==== SUPPLIED MATERIAL ====

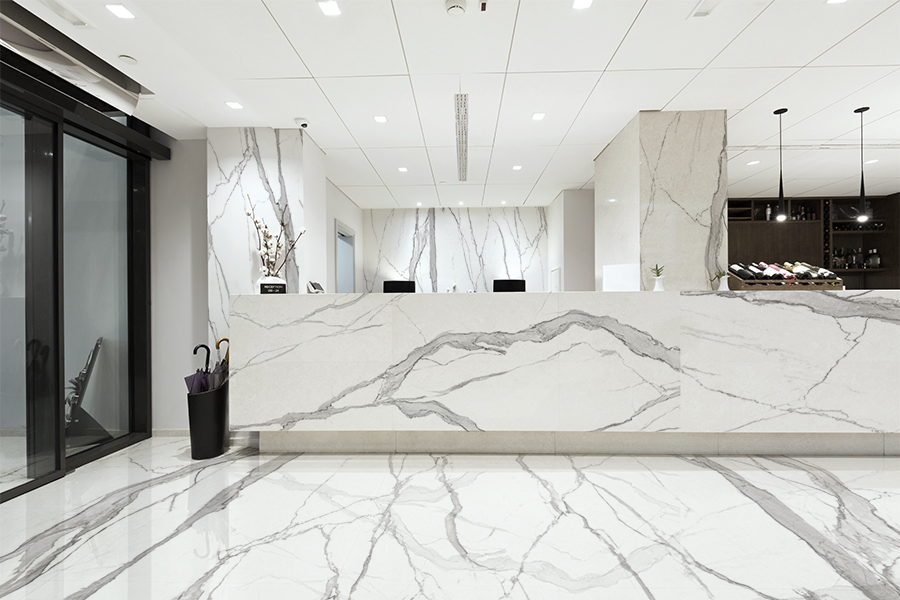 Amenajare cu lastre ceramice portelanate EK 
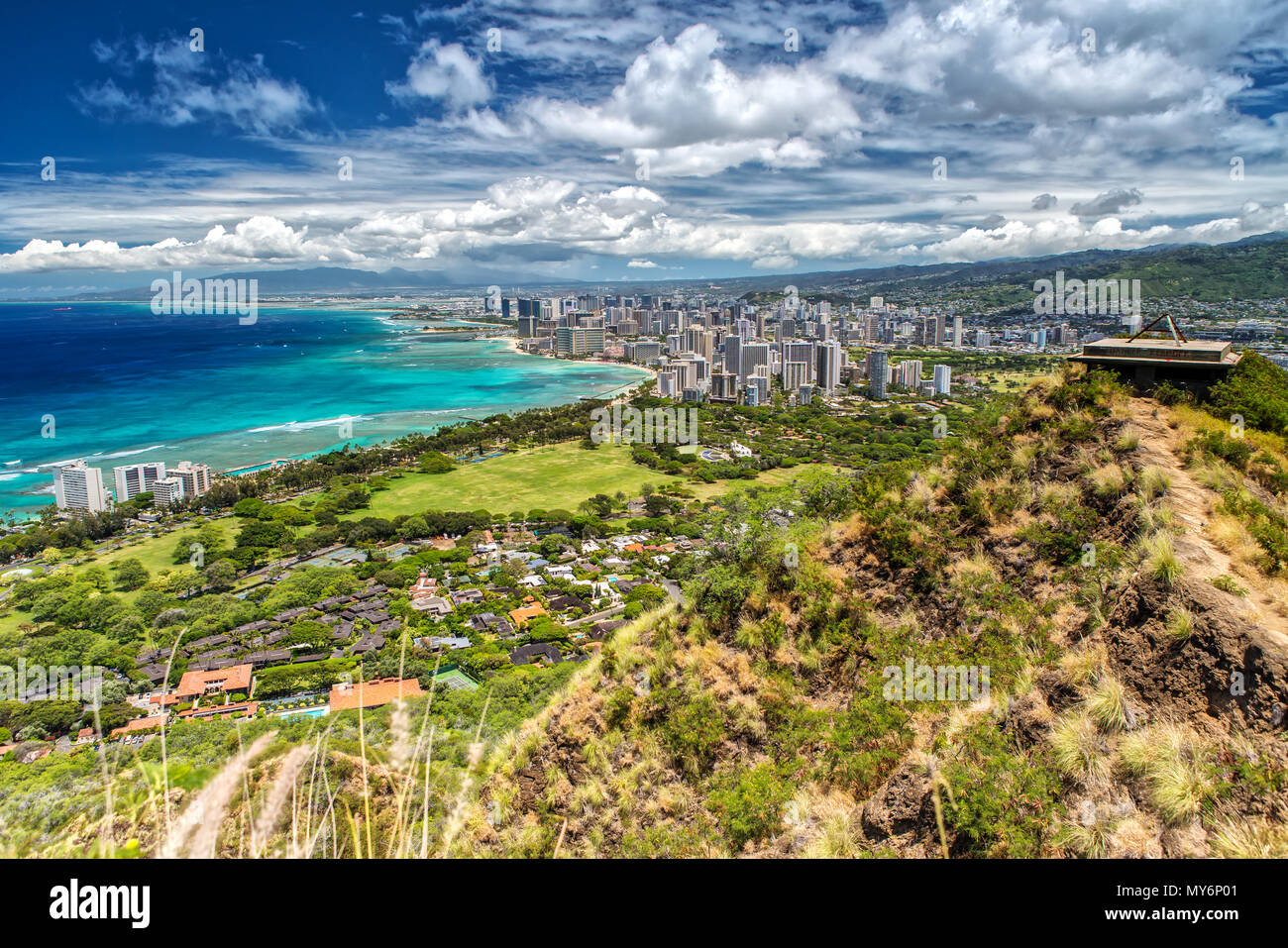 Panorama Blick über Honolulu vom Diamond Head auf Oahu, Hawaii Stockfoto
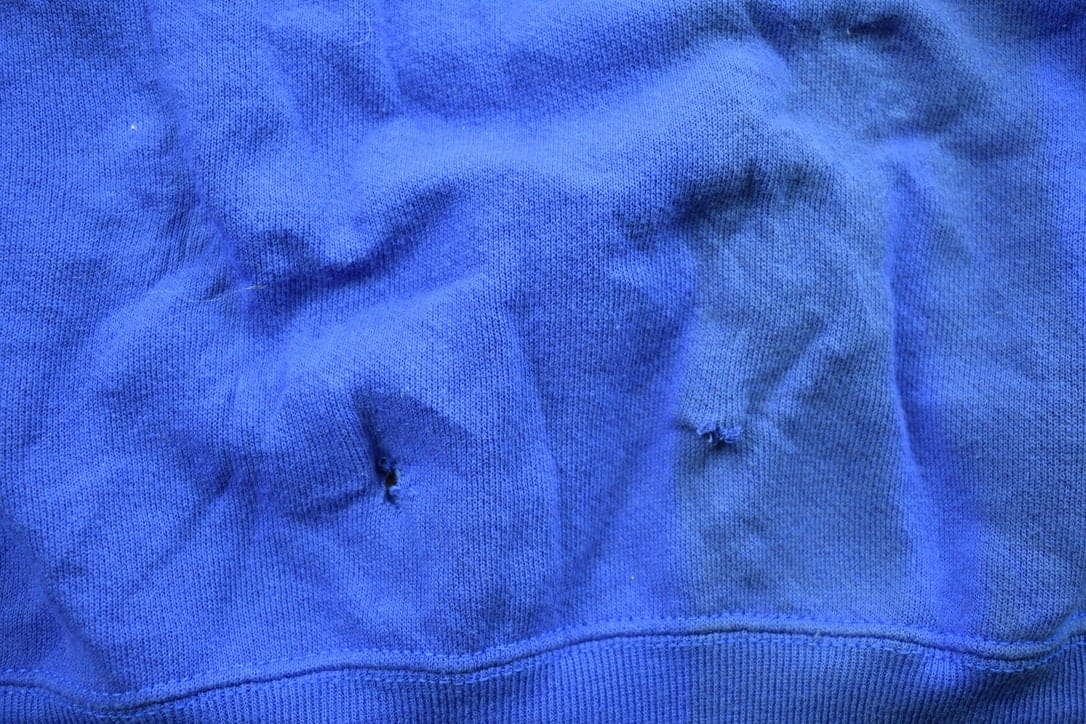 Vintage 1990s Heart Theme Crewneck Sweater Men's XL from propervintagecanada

====
==== SUPPLIED MATERIAL ====

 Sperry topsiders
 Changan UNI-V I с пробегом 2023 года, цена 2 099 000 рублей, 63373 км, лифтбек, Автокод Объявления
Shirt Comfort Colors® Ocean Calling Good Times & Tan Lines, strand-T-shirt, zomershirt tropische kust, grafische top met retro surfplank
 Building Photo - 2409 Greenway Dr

====

TO DO> Quote the data above from the line containing "Shirt Comfort Colors®" to the line containing "Building Photo - 2409 Greenway Dr", inclusive, and stop.

ANSWER SPACE>
Shirt Comfort Colors® Ocean Calling Good Times & Tan Lines, strand-T-shirt, zomershirt tropische kust, grafische top met retro surfplank
 Building Photo - 2409 Greenway Dr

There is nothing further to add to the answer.